THE travails of womankind are many, but being told how you think by Alistair Carmichael must count as a new one.
When Brian Wilson chips in, there are probably twice as many agony uncles open for business as most women could need or want.
The boys, being boys, are not daunted. Asked during a BBC debate last week about women's attitudes towards the referendum, one offered a gender analysis based on things he had heard on doorsteps. The other drew on wide experience of patter and why it fails.
This last was an echo, unconscious no doubt, of wisdom offered by John Lamont, chief whip for the Scottish Conservatives. Last weekend he observed: "Alex Salmond knows he has a problem appealing to half of the electorate, but women can spot a dodgy chat-up line when they hear it." So 52% of voters can stop worrying their heads over politics. It's just like being propositioned.

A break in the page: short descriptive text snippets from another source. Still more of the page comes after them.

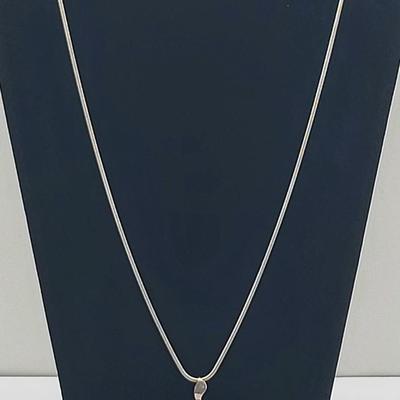 Teardrop Baltic Amber Pendant on Sterling Chain 20.4gr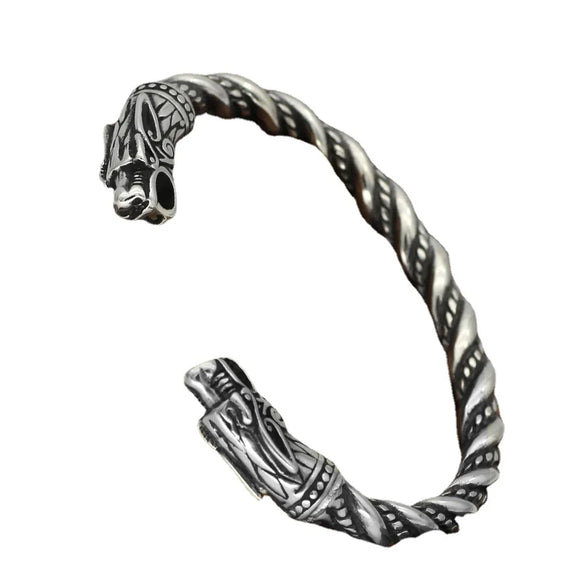 Hip-Hop Retro Animal Stainless Steel Men'S Cuff Bracelets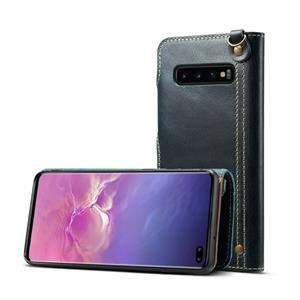 Voor Galaxy S10 Plus Denior Oil Wax Cowhide Magnetic Button Horizontal Flip Leather Case with Card Slots & Wallet(Dark Blue)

Talking on the BBC, the Scottish Secretary said women "in particular are saying, 'Well, what will this mean for me, for my household budget, for my children'." The former Labour minister judged that women "are better at recognising bluff, bluster and bad patter". The consensus, crudely, was that in such matters the 52% are ruled by their "heads", not their "hearts".

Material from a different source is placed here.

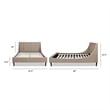Pemberly Row Contemporary Queen Upholstered Platform Bed in Mink Beige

Quite what that means, if it means anything, is not clear. What is clear is the persistence, in poll after poll, of a divergence in voting intentions between women and men. In most surveys a modest majority - if that - among the latter seem prepared to stand by the Union. The former, on the other hand, are decidedly unimpressed by independence.

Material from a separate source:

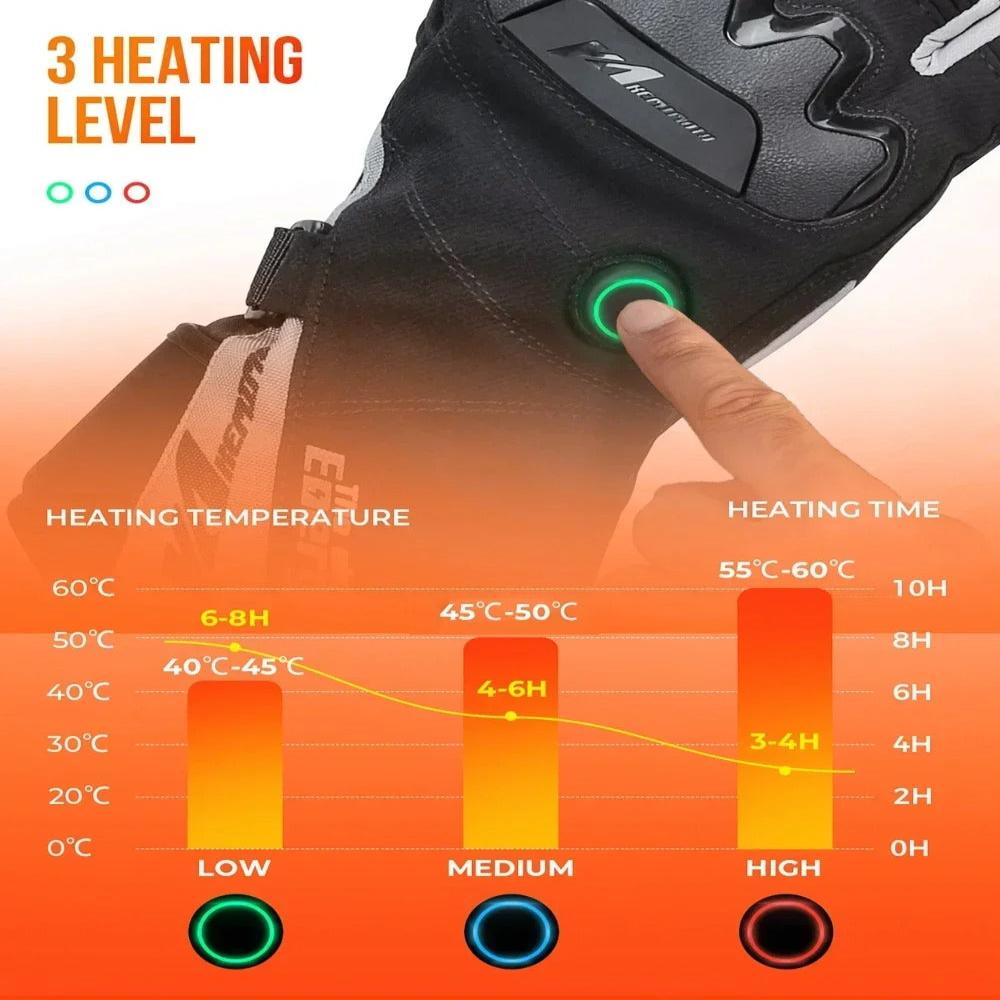 Opvarmede motorcykelhandsker med USB-opladelig varme, touchscreen-kompatible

A Survation poll for the Daily Record earlier this month found that just 28.5% of women are in the Yes camp. Exclude those who don't know how they will vote and the figure rises to only 35%. On the same calculation, fully 52% of men will vote for independence come September. The gender gap is real. The question no-one has answered - least of all male politicians reminiscing over chat-up lines - is why it exists.
It isn't new. The Scottish Social Attitudes (SSA) survey has tracked a relative female reluctance to back independence throughout this century. There is no evidence, however, that women feel "less Scottish" than men. Nor do their responses show that female voters are more likely than their male counterparts to fear disaster after a Yes vote. Fear, where it exists, is not gender-specific, at least according to the SSA.
Over time, in fact, the attitudes survey has found a more interesting difference. It could be paraphrased like this: when women say they don't know, they really don't know. In other words, they are more likely to be uncertain about the consequences of Yes - or less likely to be blasé - than men. Despite the efforts of independence campaigners, despite the SNP's proposed childcare reforms, despite the bitter experiences of working women under the Coalition's austerity regime, uncertainty persists.
This need not dictate a No vote in September, of course. Most polls say the number of don't knows, though still running at around 15%, has diminished markedly. There is good evidence that when people do make up their minds they tend to choose Yes. Meanwhile, some surveys seem - an important word - to indicate that the gender gap has been closing. Take all this together and the belief that Scottish women will preserve the Union becomes questionable.
There is, in any case, an important little fact of life that suits neither pollsters nor those fighting a referendum battle: No-one is obliged to decide in April about a choice in September just because it suits a campaign. Some people are liable to become thrawn. The idea of the "settled will" is one of those untested clichés of Scottish life. Clearly some people intend to take their time in reaching a decision.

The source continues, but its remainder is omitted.